"The Saudis did learn in that period that there was a need for stable prices,
that there was a need to show that they were the dependable sources of supply," said
Mr. Schlesinger, speaking at the Washington-based Heritage Foundation. "If
they were not, other places in the world were discovered that could produce
oil: the North Sea, West Africa. Not only that, but the world's appetite for
oil could be curbed if prices were high enough."
But Mr. Schlesinger and other analysts contend that any progress the United
States made in the 1970s and 80s towards stable energy supplies at reasonable
prices is at risk.
"Our dependence [on foreign oil] has almost doubled since 1973," added Gal
Luft, co-director of the Institute for the Analysis of Global Security. "In
1972, the United States imported 28 percent of its oil; today it imports 55
percent, and projections show that 25 years from now it will import 70 percent
of its oil," he continued. "Our dependency is growing, and our dependency on
Middle East oil is also growing. We will import 50 percent of our oil from
the Middle East by 2025."
Since the September 11, 2001 terrorist attacks in New York and Washington,
the Bush Administration has renewed U.S. efforts to secure oil from non-OPEC
sources, especially from Russia.
Analysts say diversifying petroleum sources is a worthwhile goal, but caution
that, at best, it constitutes a short term solution. That is because the proven
oil reserves of non-OPEC producers average about 15 years at current production
levels, versus more than 70 years for OPEC nations.
James Schlesinger says, as global demand for oil grows and reserves dwindle,
the United States will have no choice but to turn to OPEC nations to satisfy
its energy needs.
"We should not deceive ourselves, as long as we are dependent on oil to the
degree that we are, that there is a substitute for the Middle East [as a source
of oil]," said Mr. Schlesinger. "Russia sells all of its oil. Over time, non-OPEC
oil will be depleted and we will become more dependent on oil from the Middle
Mr. Schlesinger says he sees no immediate threat of another oil embargo on
the horizon, but that history is worth bearing in mind.

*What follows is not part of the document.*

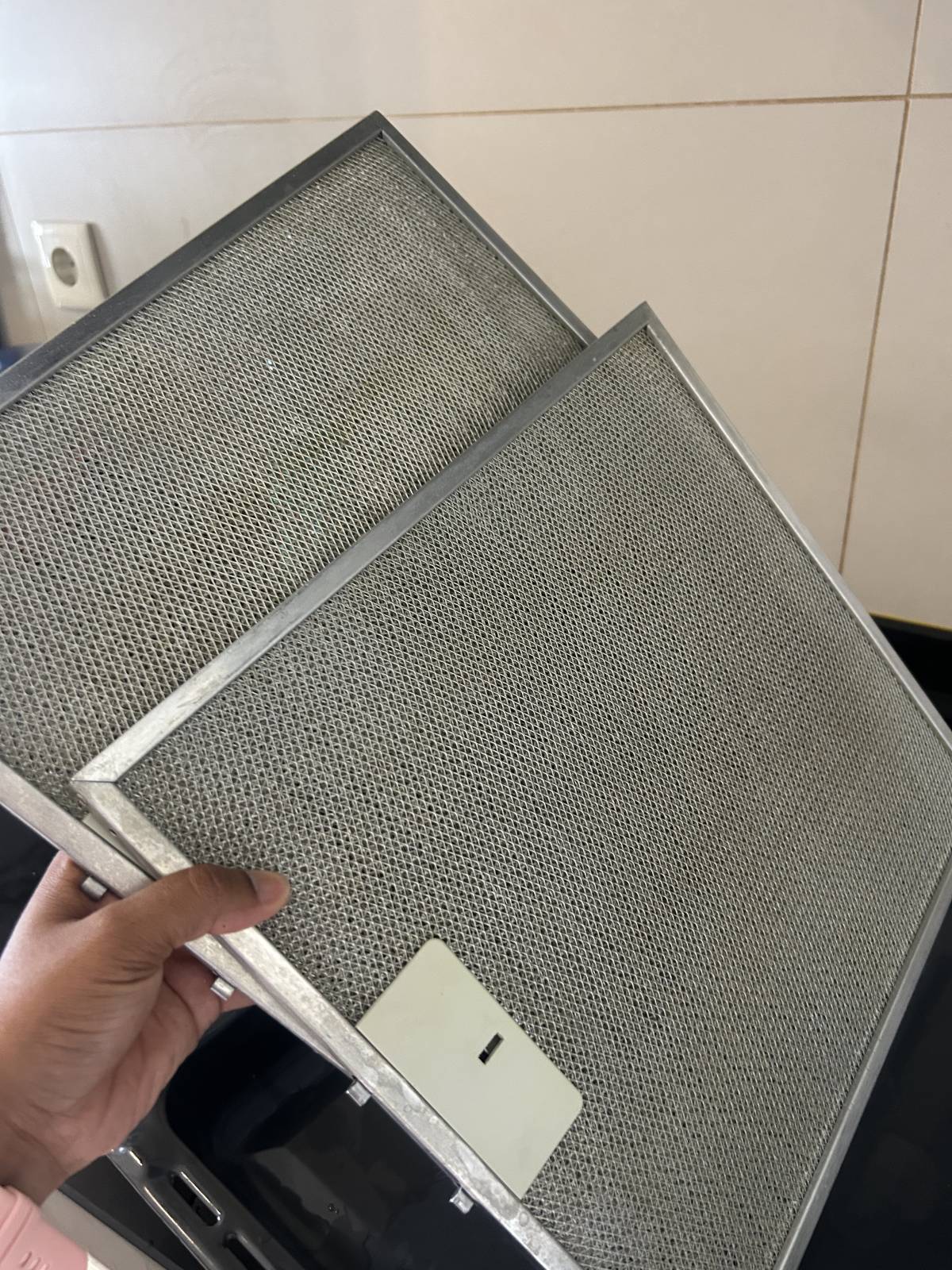Bruna Romano Cleaning - Portimão - Ventilator montieren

What course should the United States chart for its future energy needs? Gal
Luft says, first and foremost, Americans must have more than one fuel choice
for powering their vehicles.
"Today, the only product that all of us consume, in which we have no choice,
is transportation fuel," he explained. "You have a lot of choices when you
buy a cup of coffee or a pair of shoes. But when you buy transportation fuel,
it is gasoline, gasoline, and gasoline. That has to change."
Mr. Luft recommends a concerted effort to develop alternate fuels and to
promote their use. Other suggestions at the Washington forum included increasing
America's petroleum stockpile, known as the Strategic Petroleum Reserve, and
to improve U.S. relations with the Muslim world.